Setelah Ustadz Abdussalam menyampaikan sedikit tentang urgensi Al-Qur’an, lalu dilanjutkan dengan mendengar ceramah sang ulama Yaman, dan Ustadz Abdussalam bertindak sebagai penerjemah. Saya lebih banyak memperhatikan apa yang diakatakan oleh ustadz ketimbang ulama Yaman ini, karena memang saya tidak mengerti bahasa Arab. Ceramah ini diawali dengan penjelasan—seingat saya yah, dan dengan bahasa saya sendiri—bahwa manusia itu akan selalu menghadapi ujian yang diberikan Allah, karena dengan ujian ini manusia akan naik derajatnya di sisi Allah. Ada ujian yang sifatnya duniawi (ya iya lah, karena memang lagi di dunia, memangnya di akhirat ada ujian, adanya keputusan kali...) seperti kehilangan sesuatu, ditimpa musibah, kesusahan, kesedihan, terkena penyakit, dan sebagainya. Tapi ujian yang paling berat menurut Syaikh yang dijelaskan oleh ustadz, yaitu ujian untuk melaksanakan perintah Allah dan menjauhi larangan Allah. Karena manusia seperti kita memang terkadang sangat berat untuk bersegera melaksanakan perintah Allah dan menjauhi larangan Allah.

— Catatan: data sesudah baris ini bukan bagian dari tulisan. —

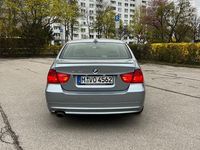 Second-hand BMW 320 170 CP (125 kW) 2009 Albastru Berlinǎ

Dan orang yang sukses atau beruntung adalah orang yang bisa bersabar ketika menghadapi ujian dari Allah. Orang yang bersabar akan mendapatkan karunia yang besar dari Allah, dan akan mendapat rahmat dari Allah baik di dunia maupun di akhirat. Kemudian beliau juga menjelaskan bahwa orang yang ingin hidupnya sukses harus senantiasa berada pada aqidah yang lurus, yaitu dengan memurnikan keesaan Allah atau tauhid kepada Allah, tanpa menyekutukannya dengan suatu apapun. Karena orang yang menyekutukan Allah, maka akan mendapat dosa besar dan kemalangan baik di dunia maupun di akhirat. Oleh karenanya, orang yang tidak bertauhid dengan benar, hidupnya tidak akan beruntung dan sukses.
Kemudian yang masih saya ingat, ketika ustadz menjelaskan bahwa ada tiga golongan yang tidak mendapat taklif (beban kewajiban syariat Islam), berdasarkan hadits Nabi, bahwa pena telah diangkat (artinya Allah lewat malaikat-Nya tidak mencatat) dari tiga golongan, yaitu: orang gila hingga waras, anak kecil hingga baligh, dan orang tidur hingga ia terbangun. Selain tiga golongan itu, seorang muslim akan dibebani kewajiban untuk melaksanakan syariat Islam, kecuali kalau memang ada udzur syar’i. Jadi, saat seorang muslim membuka mata dari tidurnya ia sudah terkena taklif, dan orang yang melaksanakan taklif disebut mukallaf.
Beliau juga mengatakan bahwa ketika seorang muslim mendengar panggilan adzan untuk shalat (hayya‘alash shalaah), maka ia sudah dicatat mendapat pahala karena mendengarkan seruan adzan, tapi ia akan memperoleh pahala lagi ketika bergegas memenuhi panggilan adzan tersebut untuk shalat berjama'ah. Dan orang yang bisa istiqomah memenuhi panggilan adzan untuk shalat berjama'ah adalah termasuk orang-orang yang sukses dan beruntung. Demikian sekedar yang saya ingat dari pengajian rutin setiap malam Minggu ba’da maghrib di masjid Gedhe Kauman bersama Ustadz Abdussalam Busyro, Lc. yang kebetulan kedatangan tamu dari Yaman.